───── Task data
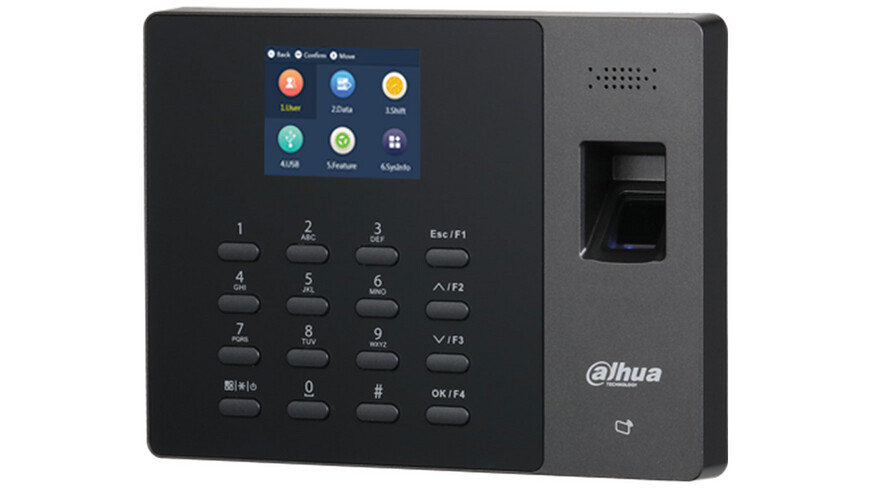 Dahua ASA1222G kontroler Rasprodaja Dahua ASA1222G kontroler Rasprodaja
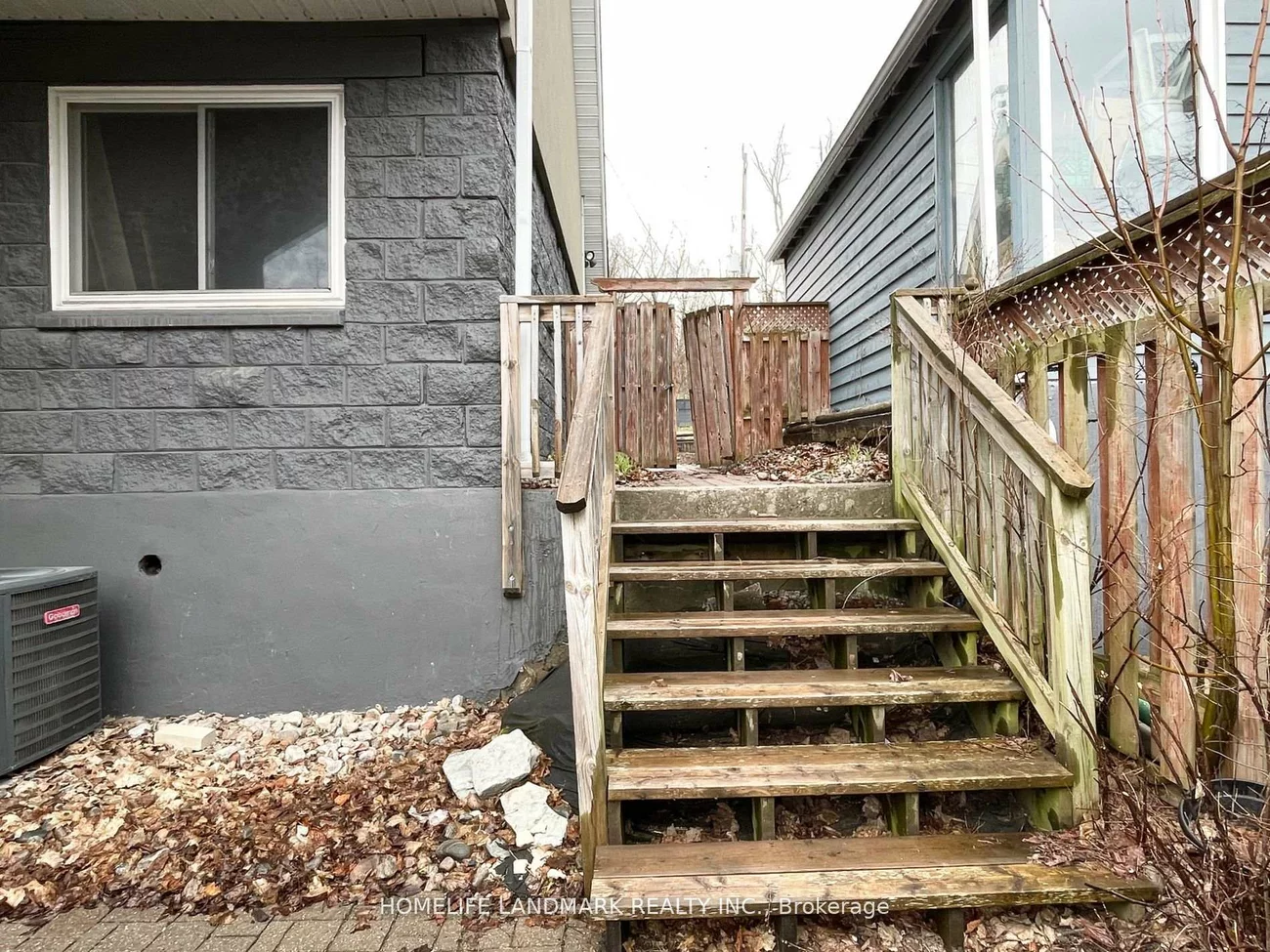 119, Blake, North Shore, Barrie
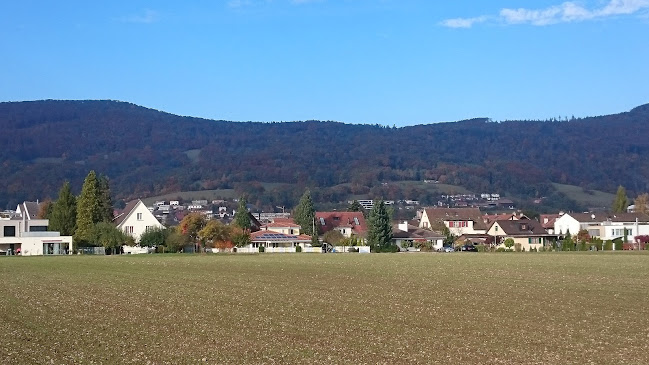 Sportplatz Winkel Telefonnummer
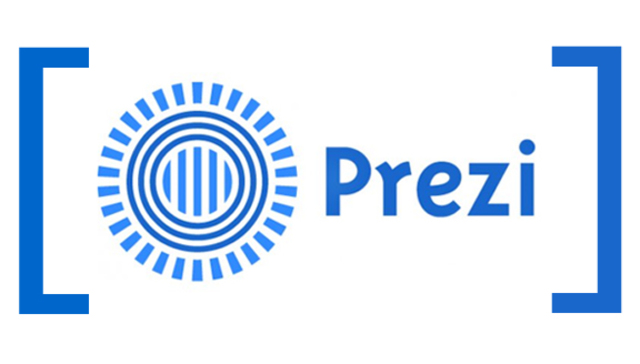 Prezi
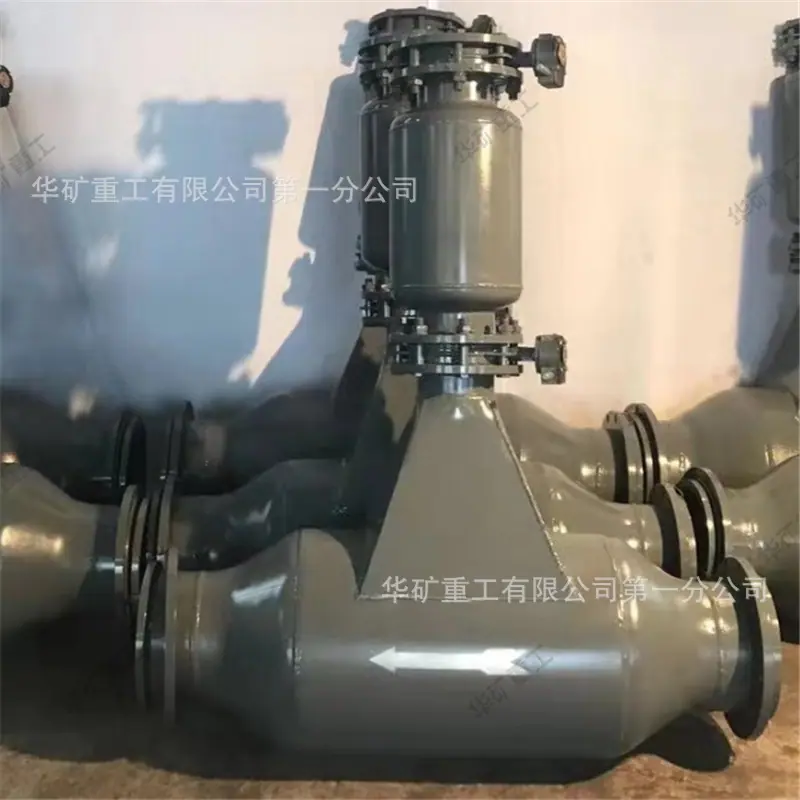 QQ截图20200325111357.jpg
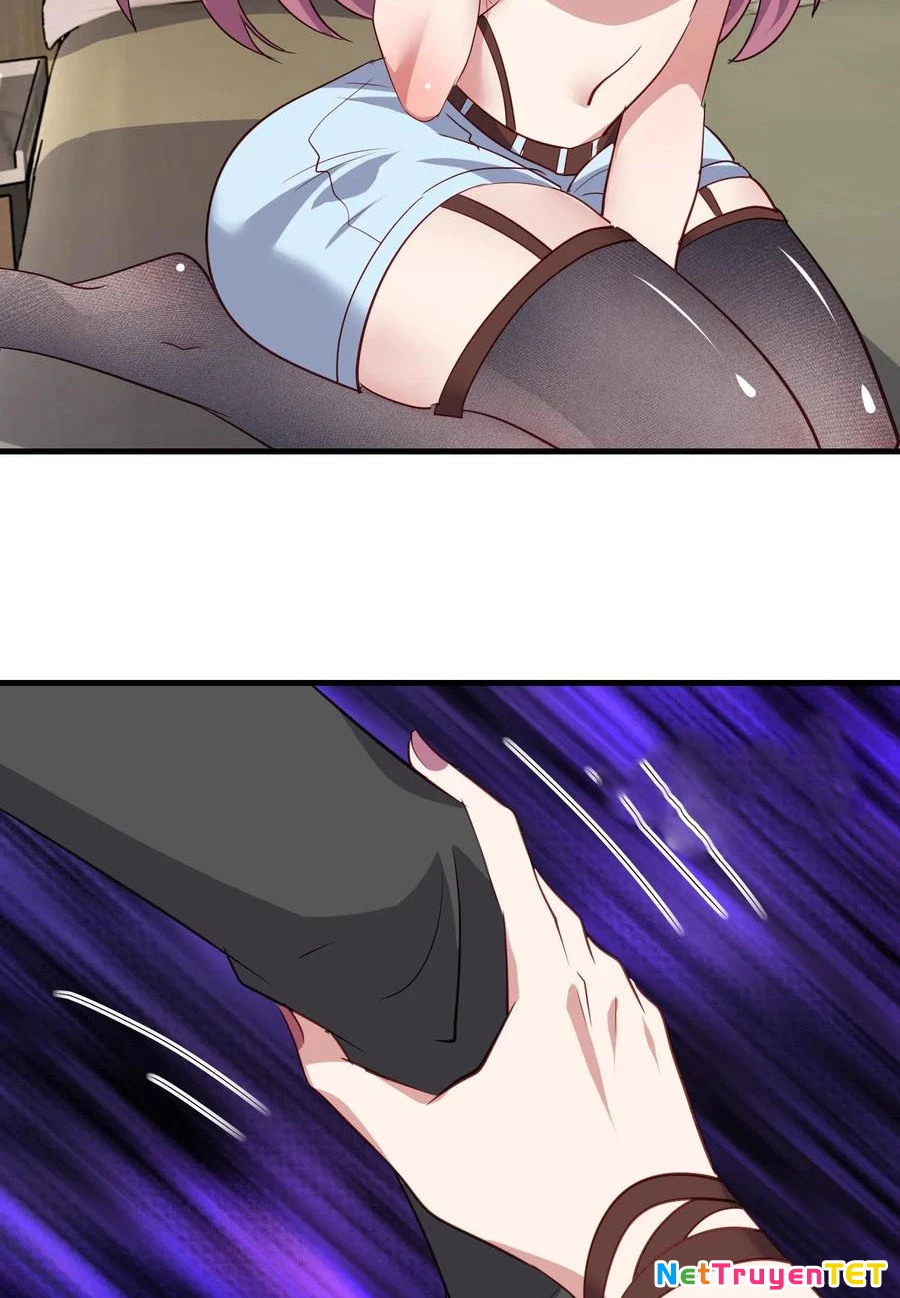 Slime Ta Treo Cự Long Lên Đánh Là Hợp Lý Nhỉ?: Chapter 154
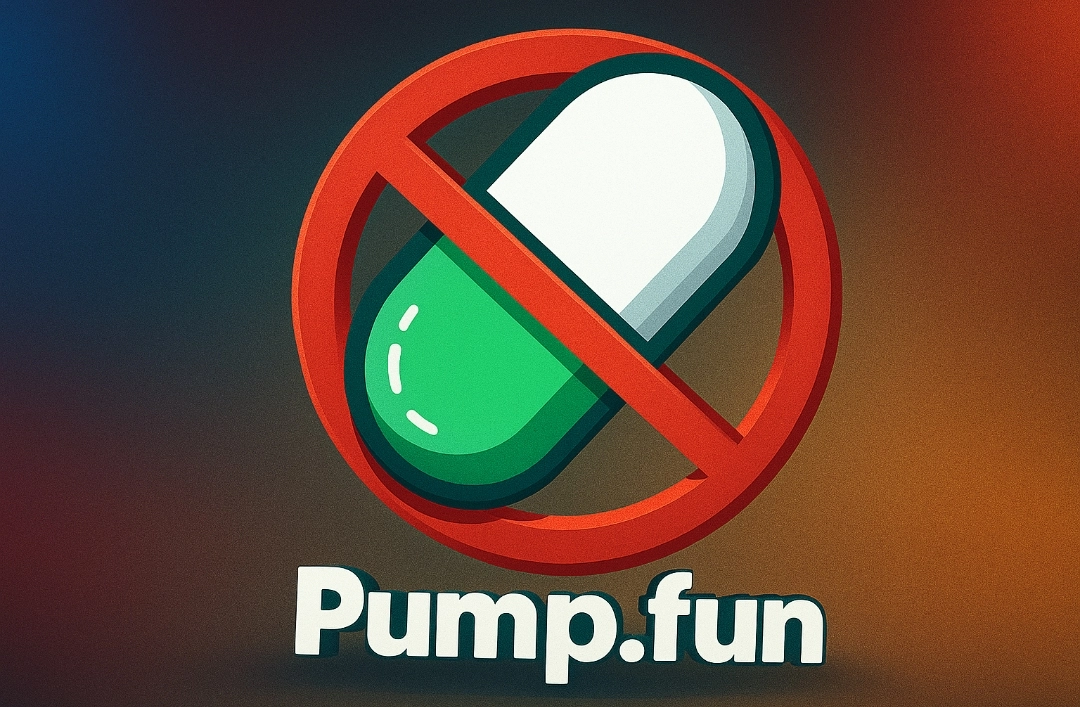 Founder of Pump.fun Suspended from Twitter Amid DeFi Investigation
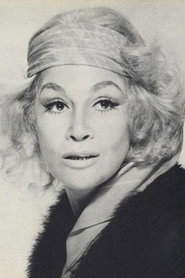 Reizl Bozyk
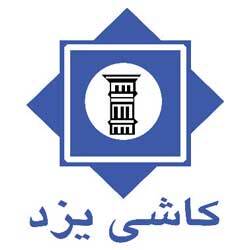 شرکت کاشی یزد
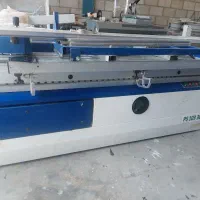 دستگاه دورکن مولن مدل ps3800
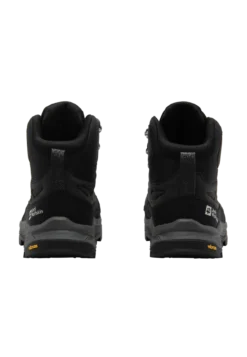 CYROX TEXAPORE MID M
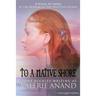 To a Native Shore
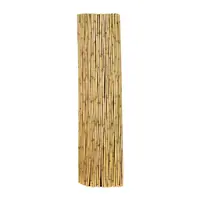 CLONA NA PLOT 300/150 cm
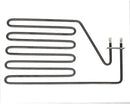 Resistência para sauna 3000 W 230 V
──────────
What the exercise asks> What you write must match, line for line, the records from the line containing "Founder of Pump.fun" through the last line, with every picture left out.

Result>
 Founder of Pump.fun Suspended from Twitter Amid DeFi Investigation
 Reizl Bozyk
 شرکت کاشی یزد
 دستگاه دورکن مولن مدل ps3800
 CYROX TEXAPORE MID M
 To a Native Shore
 CLONA NA PLOT 300/150 cm
 Resistência para sauna 3000 W 230 V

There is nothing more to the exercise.